English Congregationalist minister and hymnologist

Josiah Miller (1832 – 1880) was an English Congregationalist minister and hymnologist.

==Life==
The son of the Rev. Edward Miller, he was born at Putney, Surrey, on 8 April 1832. At age 13 he was articled to an engineering surveyor at Westminster; but he later gave up his articles and entered Highbury College, where he studied for the independent ministry.

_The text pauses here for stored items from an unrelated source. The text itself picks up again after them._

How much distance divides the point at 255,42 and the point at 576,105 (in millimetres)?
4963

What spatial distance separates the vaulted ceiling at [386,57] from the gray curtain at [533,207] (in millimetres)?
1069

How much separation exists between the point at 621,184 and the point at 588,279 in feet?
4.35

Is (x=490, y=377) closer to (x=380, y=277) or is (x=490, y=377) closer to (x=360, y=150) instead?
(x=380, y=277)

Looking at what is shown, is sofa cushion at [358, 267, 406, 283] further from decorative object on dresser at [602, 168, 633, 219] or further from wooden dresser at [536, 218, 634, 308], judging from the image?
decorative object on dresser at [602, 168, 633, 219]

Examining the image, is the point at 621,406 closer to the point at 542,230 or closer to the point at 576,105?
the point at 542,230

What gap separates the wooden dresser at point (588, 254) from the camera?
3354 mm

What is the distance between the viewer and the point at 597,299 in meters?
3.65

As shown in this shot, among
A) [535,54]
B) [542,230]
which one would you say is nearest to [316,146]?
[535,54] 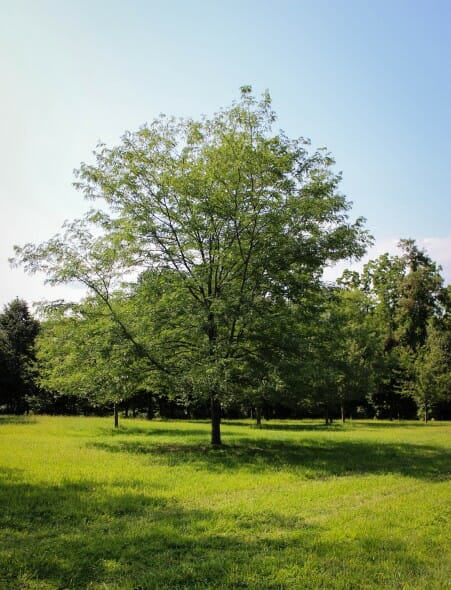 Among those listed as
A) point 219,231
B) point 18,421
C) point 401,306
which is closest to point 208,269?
point 219,231

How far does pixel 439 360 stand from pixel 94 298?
35249 millimetres

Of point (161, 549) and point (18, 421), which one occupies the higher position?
point (161, 549)

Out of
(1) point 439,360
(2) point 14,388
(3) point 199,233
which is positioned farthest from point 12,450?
(1) point 439,360

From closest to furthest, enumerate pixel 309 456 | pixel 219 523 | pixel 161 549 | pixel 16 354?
pixel 161 549 < pixel 219 523 < pixel 309 456 < pixel 16 354

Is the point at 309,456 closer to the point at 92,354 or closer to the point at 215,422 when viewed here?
the point at 215,422

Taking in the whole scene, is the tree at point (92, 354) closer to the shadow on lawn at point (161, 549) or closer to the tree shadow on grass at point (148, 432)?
the tree shadow on grass at point (148, 432)

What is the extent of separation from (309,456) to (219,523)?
909 centimetres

He graduated B.A. in 1853 and M.A. in 1855 at London University.

He was appointed pastor successively at Dorchester in 1855, at Long Sutton, Lincolnshire, in 1860, and at Newark, Nottinghamshire, in 1868. He gave up this last post in order to become secretary of the British Society for the Propagation of the Gospel Among the Jews. Subsequently he succeeded the Rev. J. Robinson as secretary to the London City Mission.

Miller died on 22 December 1880 at his home, 77 Fortress Road, Kentish Town, London, and was buried at Abney Park Cemetery, Stoke Newington on 28 December 1880.

==Works==
His principal works are:
- ‘Our Hymns: their Authors and Origin. Being Biographical Sketches of the principal Psalm and Hymn Writers (with Notes on their Psalms and Hymns),’ London, 1866; intended to be a companion to the New Congregational Hymn Book.
- ‘Our Dispensation: or, the place we occupy in the Divine History of the World,’ London, 1868.
- ‘Singers and Songs of the Church; being Biographical Sketches of the Hymn-Writers in all the principal collections,’ 2nd edit. London, 1869.
- ‘Christianum Organum; or, the Inductive Method in Scripture and Science. With an Introduction by J. H. Gladstone,’ London, 1870.